From “Statements and Poems” in the collection of poet William Stafford’s writing on writing, Crossing Unmarked Snow

Each [essay] is a miracle that has been invited to happen. But these words, after they come, you look at what’s there. Why these? Why not some calculated careful contenders? Because these chosen ones must survive as they were made, by the reckless impulse of a fallible but susceptible person. I must be willingly fallible in order to deserve a place in the realm where miracles happen.

Very Good Paragraphs

From Sam Anderson’s email profile of Anne Carson in the Times:

I was e-mailing with Carson on the occasion of the publication of her new book, “Red Doc >” (that angle-bracket is, yes, a part of the title: “Red Doc >” was the default name Carson’s word-processing program gave to the file, and she stuck with it). “Red Doc >,” too, is arguably not poetry. Most of the text runs like a racing stripe down the center of the page, with a couple of inches of empty space on either side. This form was also a result of an accident with the computer. Carson hit a wrong button, and it made the margins go crazy. She found this instantly liberating. The sentences, with one click, went from prosaic to strange, and finally Carson understood — after years of frustration — how her book was actually supposed to work.

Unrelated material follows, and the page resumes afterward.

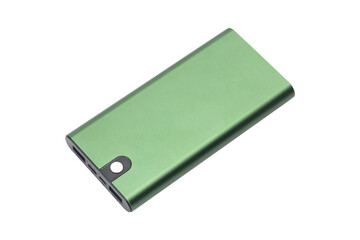 power bank in metal case isolated from background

I just like how this suggests that maybe Carson’s chief gift is being really bad at her computer.

Very Good Paragraphs

From this piece in the Guardian on the joys of anthropological writing, written by Will Self, who is becoming every time I read or read about him my total literary crush.

I probably reread Lopez’s book about every couple of years. Arctic Dreams is a more or less perfect example of a tendency in my reading towards what can only be described as “comfort savagery”. Lying abed, in the heart of a great, pulsing, auto-cannibalising conurbation, the supply chain of which girdles the earth like the monstrous tail of some effluent-belching comet, I find descriptions of how I myself might have lived before the great grainy surplus of the agricultural revolution curiously heartening. After all, what does any kind of reading provide for us if not the opportunity to exercise imaginative sympathy? Others may prefer to will themselves into James Bond’s dinner jacket and Aston Martin DB4, but I’d rather slip into a !Kung hunter’s penis sheath and heft his hunting spear.